In sequence 08, which encompasses extensive urban roads and complex dynamic environments, posing higher demands on the robustness of SLAM systems, the experimental results show that the proposed algorithm achieves an RMSE of 5.76 m, with improvements of 83.0%, 82.5%, and 52.0% relative to A-LOAM, LeGO-LOAM, and LIO-SAM, respectively. This substantial enhancement validates the effectiveness of the dynamic degradation detection mechanism, enabling the system to perceive environmental degradation levels in real time and adaptively adjust optimization strategies, thereby maintaining stable pose estimation performance in complex scenarios.
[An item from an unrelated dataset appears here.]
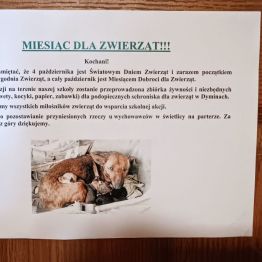 Wywieszona informacja o organizowanej pomocy dla bezdomnych zwierząt.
In sequences 04 and 10, the absolute trajectory errors of all algorithms remain at relatively low levels, primarily due to the rich environmental features and simple motion patterns in these sequences. Nevertheless, the proposed algorithm still delivers the optimal accuracy, with RMSE values of 0.305 m in sequence 04 and 1.757 m in sequence 10, corresponding to improvements of 0.7% and 4.3% compared to LIO-SAM, respectively.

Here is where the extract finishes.